To choose one of the permutations all we need is a single random integer between 0 and 52!-1. That integer is our 226 bits of entropy. We'll use it as an index into our sorted list of permutations. If the random index is uniformly distributed, not only are you guaranteed that all permutations can be chosen, they will be chosen equiprobably (which is a stronger guarantee than what the question is asking).

Now, you don't actually need to generate all those permutations. You can produce one directly, given its randomly chosen position in our hypothetical sorted list. This can be done in O(n²) time using the Lehmer^[1] code (also see numbering permutations and factoriadic number system). The n here is the size of your deck, i.e. 52.

There is a C implementation in this StackOverflow answer. There are several integer variables there that would overflow for n=52, but luckily in Java you can use java.math.BigInteger. The rest of the computations can be transcribed almost as-is:

public static int[] shuffle(int n, BigInteger random_index) {
    int[] perm = new int[n];
    BigInteger[] fact = new BigInteger[n];
    fact[0] = BigInteger.ONE;
    for (int k = 1; k < n; ++k) {
        fact[k] = fact[k - 1].multiply(BigInteger.valueOf(k));
    }

    // compute factorial code
    for (int k = 0; k < n; ++k) {
        BigInteger[] divmod = random_index.divideAndRemainder(fact[n - 1 - k]);
        perm[k] = divmod[0].intValue();
        random_index = divmod[1];
    }

    // readjust values to obtain the permutation
    // start from the end and check if preceding values are lower
    for (int k = n - 1; k > 0; --k) {
        for (int j = k - 1; j >= 0; --j) {
            if (perm[j] <= perm[k]) {
                perm[k]++;
            }
        }
    }

    return perm;
}

public static void main (String[] args) {
    System.out.printf("%s\n", Arrays.toString(
        shuffle(52, new BigInteger(
            "7890123456789012345678901234567890123456789012345678901234567890"))));
}

^[1] Not to be confused with Lehrer. :)

Your analysis is correct: seeding a pseudo-random number generator with any specific seed must yield the same sequence after a shuffle, limiting the number of permutations that you could obtain to 2⁶⁴. This assertion is easy to verify experimentally by calling Collection.shuffle twice, passing a Random object initialized with the same seed, and observing that the two random shuffles are identical.

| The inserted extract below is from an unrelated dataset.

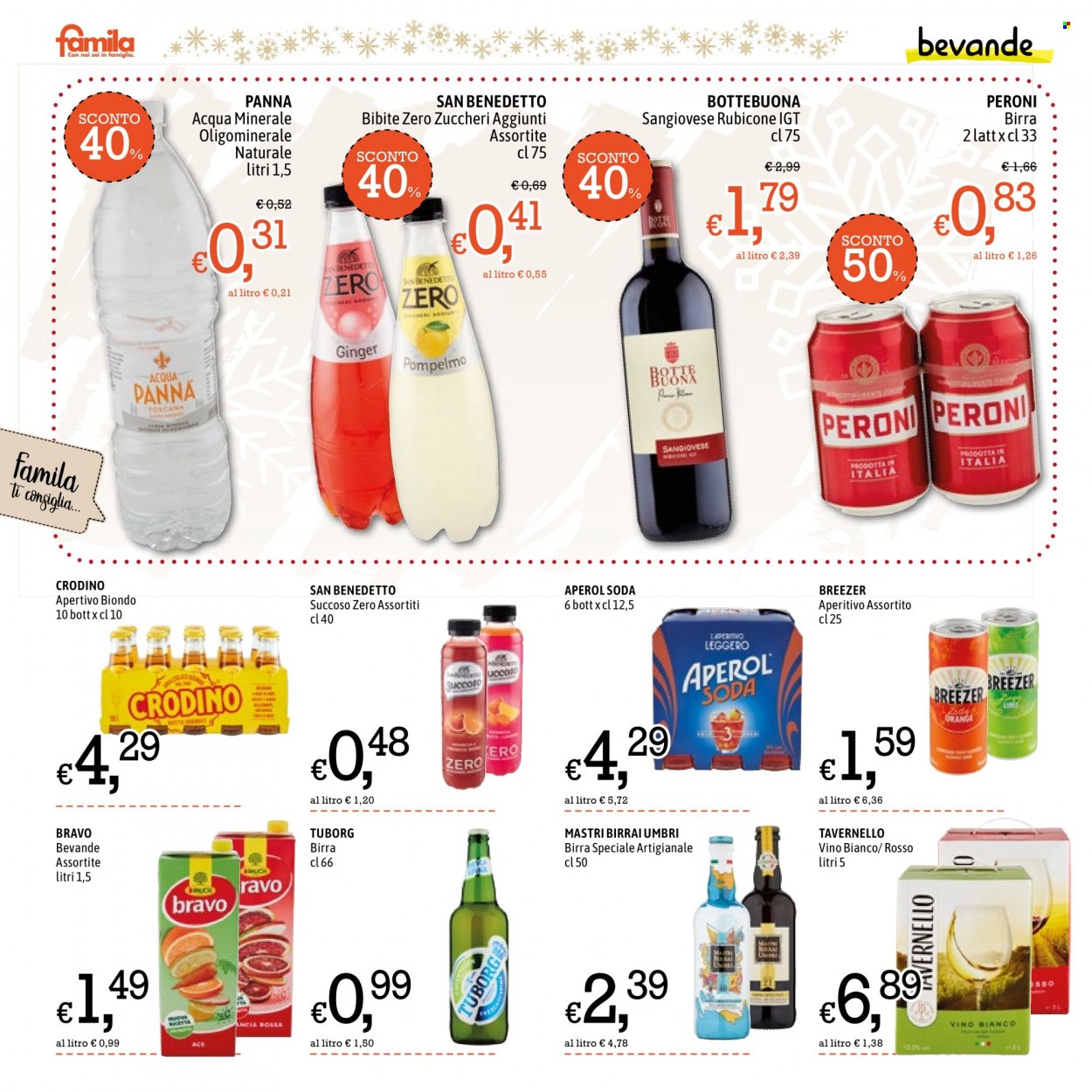 Volantino Famila - 28/12/2023 - 10/1/2024. Pagina 16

A solution to this, then, is to use a random number generator that allows for a larger seed. Java provides SecureRandom class that could be initialized with byte[] array of virtually unlimited size. You could then pass an instance of SecureRandom to Collections.shuffle to complete the task:

byte seed[] = new byte[...];
Random rnd = new SecureRandom(seed);
Collections.shuffle(deck, rnd);

In general, a pseudorandom number generator (PRNG) can't choose from among all permutations of a 52-item list if its maximum cycle length is less than 226 bits.

java.util.Random implements an algorithm with a modulus of 2⁴⁸ and a maximum cycle length of only 48 bits, so much less than the 226 bits I referred to. You will need to use another PRNG with a bigger cycle length, specifically one with a maximum cycle length of 52 factorial or greater.

See also "Shuffling" in my article on random number generators.

This consideration is independent of the nature of the PRNG; it applies equally to cryptographic and noncryptographic PRNGs (of course, noncryptographic PRNGs are inappropriate whenever information security is involved).

Although java.security.SecureRandom allows seeds of unlimited length to be passed in, the SecureRandom implementation could use an underlying PRNG (e.g., "SHA1PRNG" or "DRBG"). And it depends on that PRNG's maximum cycle length whether it's capable of choosing from among 52 factorial permutations.

Let me apologize in advance, because this is a little tough to understand...

First of all, you already know that java.util.Random is not completely random at all. It generates sequences in a perfectly predictable way from the seed. You are completely correct that, since the seed is only 64 bits long, it can only generate 2^64 different sequences. If you were to somehow generate 64 real random bits and use them to select a seed, you could not use that seed to randomly choose between all of the 52! possible sequences with equal probability.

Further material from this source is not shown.